_ASSIGNMENT:_
What is needed is an exact reproduction of the lines in the records below, starting at the line with "The Relationship Between" and ending at the line with "100% Linen Dress, Vintage", both included, and nothing else; pictures stay out.

START INPUT MATERIAL

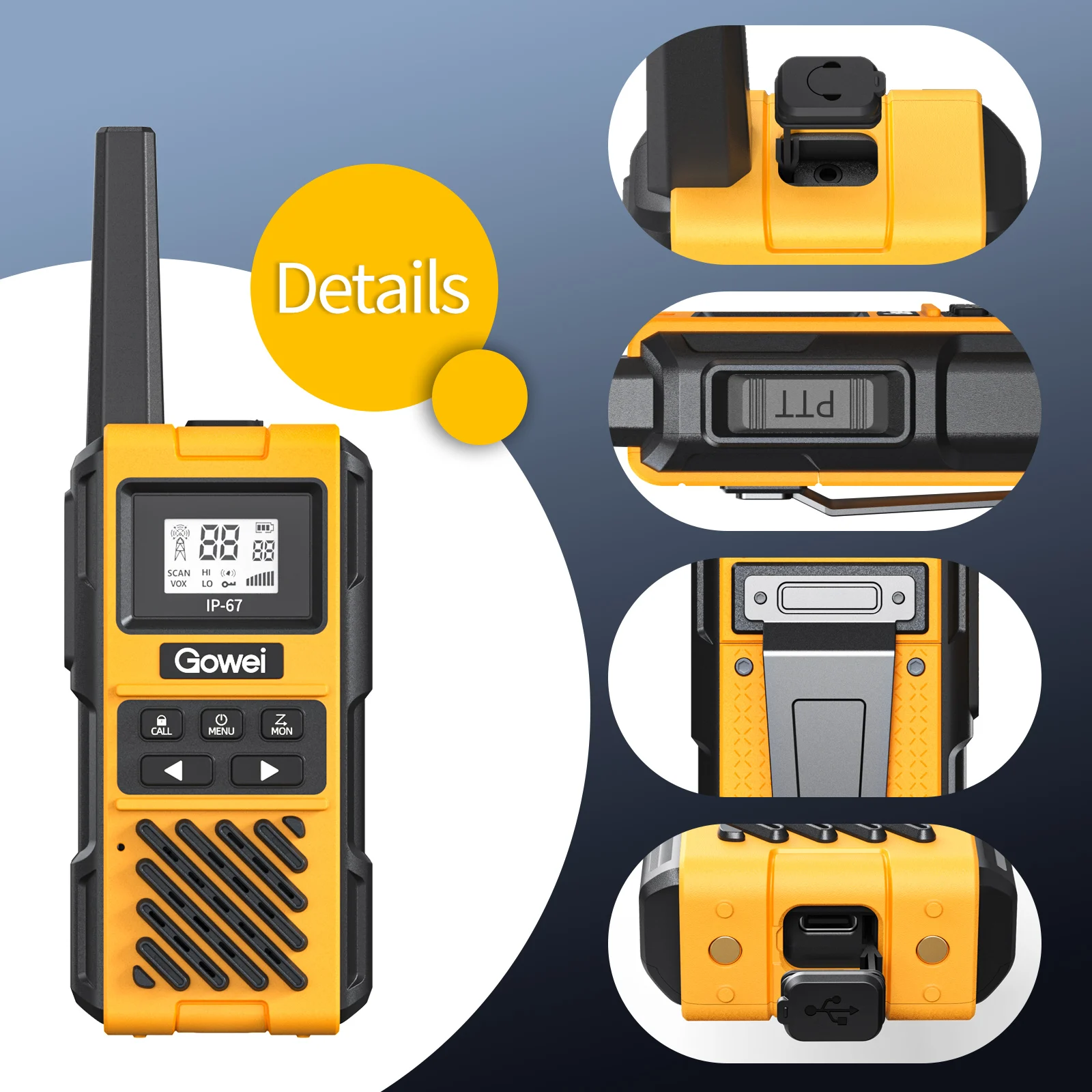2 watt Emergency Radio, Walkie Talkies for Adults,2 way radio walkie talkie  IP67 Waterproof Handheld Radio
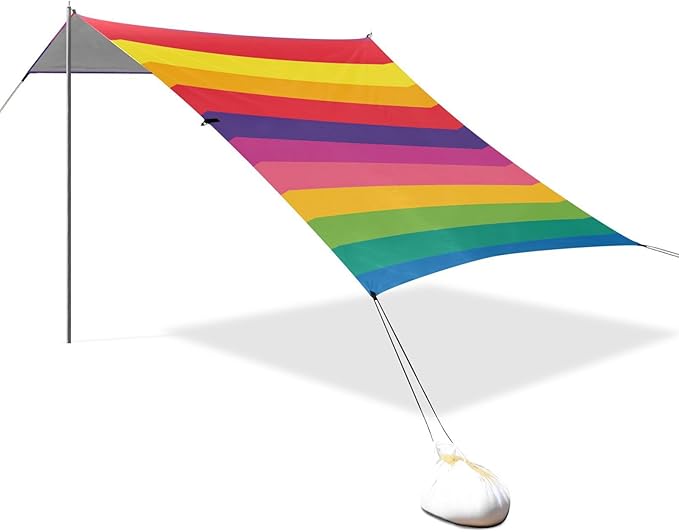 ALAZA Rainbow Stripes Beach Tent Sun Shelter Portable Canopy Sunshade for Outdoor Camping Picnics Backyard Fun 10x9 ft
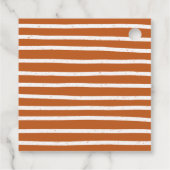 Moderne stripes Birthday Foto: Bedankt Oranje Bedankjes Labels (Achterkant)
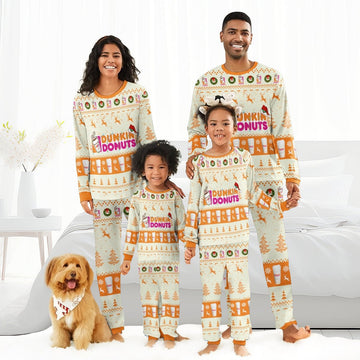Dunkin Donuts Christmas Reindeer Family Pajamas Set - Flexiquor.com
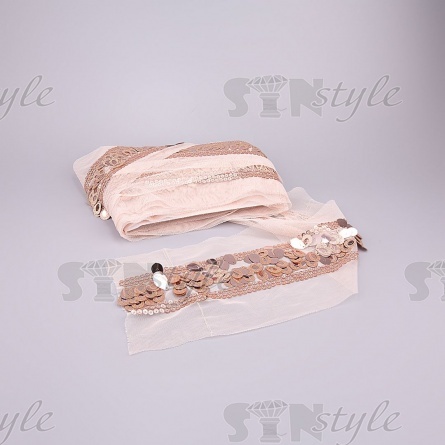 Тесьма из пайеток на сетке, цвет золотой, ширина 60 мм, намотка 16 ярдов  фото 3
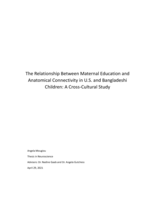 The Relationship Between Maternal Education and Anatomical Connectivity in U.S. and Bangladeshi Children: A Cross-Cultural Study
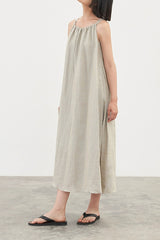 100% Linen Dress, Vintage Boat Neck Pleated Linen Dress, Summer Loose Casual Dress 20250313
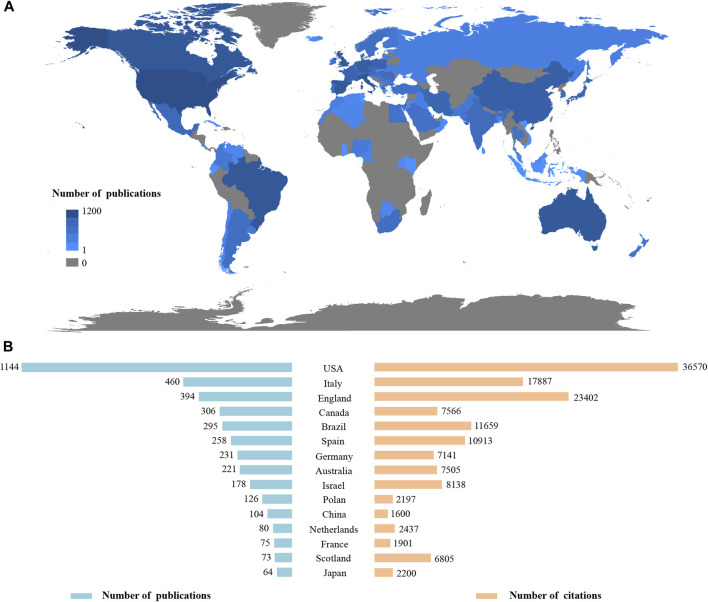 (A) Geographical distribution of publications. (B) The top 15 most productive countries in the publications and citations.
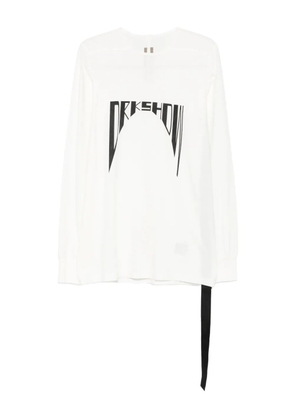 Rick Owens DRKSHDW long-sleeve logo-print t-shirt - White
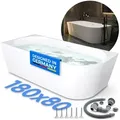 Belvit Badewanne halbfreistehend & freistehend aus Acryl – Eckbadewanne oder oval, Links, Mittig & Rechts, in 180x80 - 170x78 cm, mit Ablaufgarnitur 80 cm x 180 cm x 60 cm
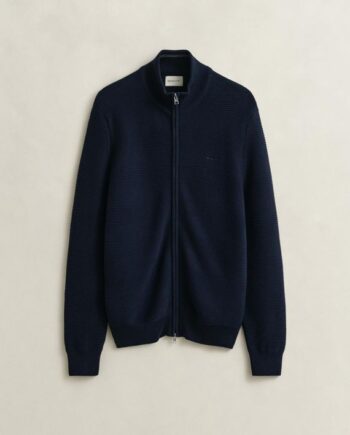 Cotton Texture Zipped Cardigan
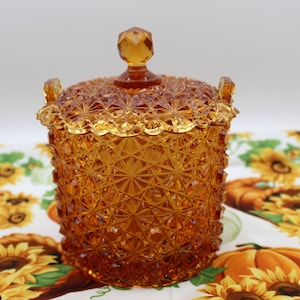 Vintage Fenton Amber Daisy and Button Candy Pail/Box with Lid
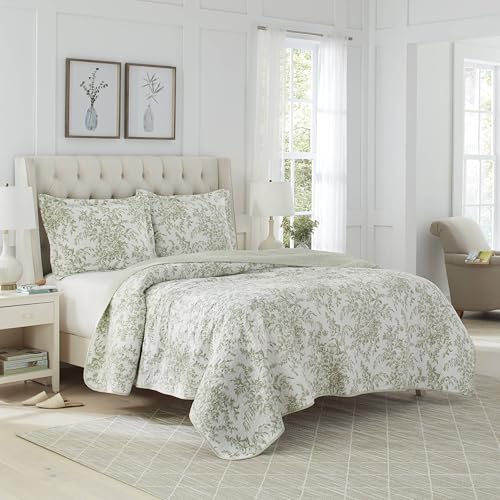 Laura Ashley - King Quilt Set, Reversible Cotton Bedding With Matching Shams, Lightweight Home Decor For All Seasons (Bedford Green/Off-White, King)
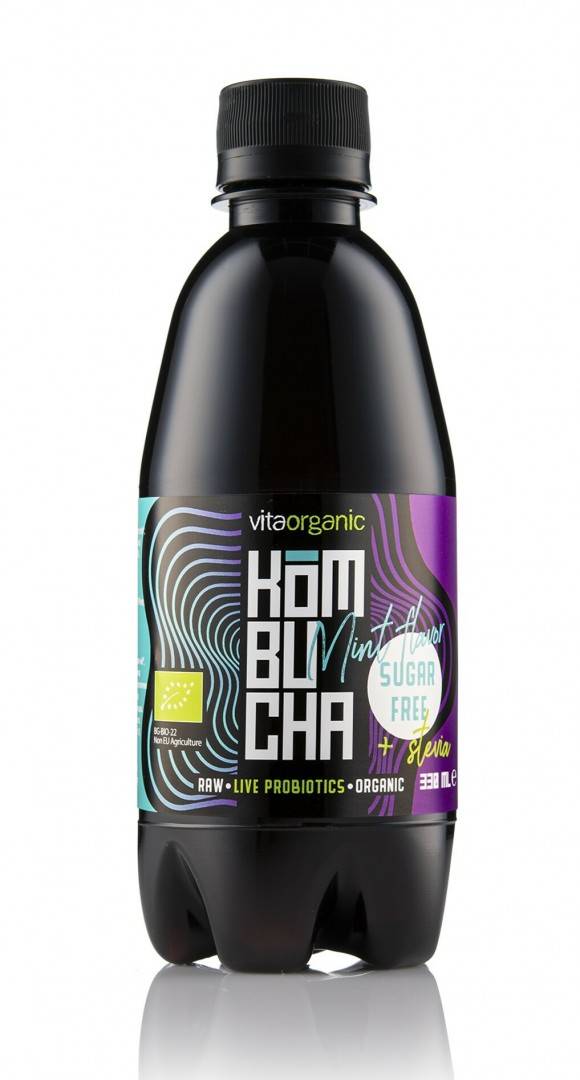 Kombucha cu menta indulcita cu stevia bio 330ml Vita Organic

END INPUT MATERIAL

_SOLUTION TO THIS PROBLEM:_
 The Relationship Between Maternal Education and Anatomical Connectivity in U.S. and Bangladeshi Children: A Cross-Cultural Study
 100% Linen Dress, Vintage Boat Neck Pleated Linen Dress, Summer Loose Casual Dress 20250313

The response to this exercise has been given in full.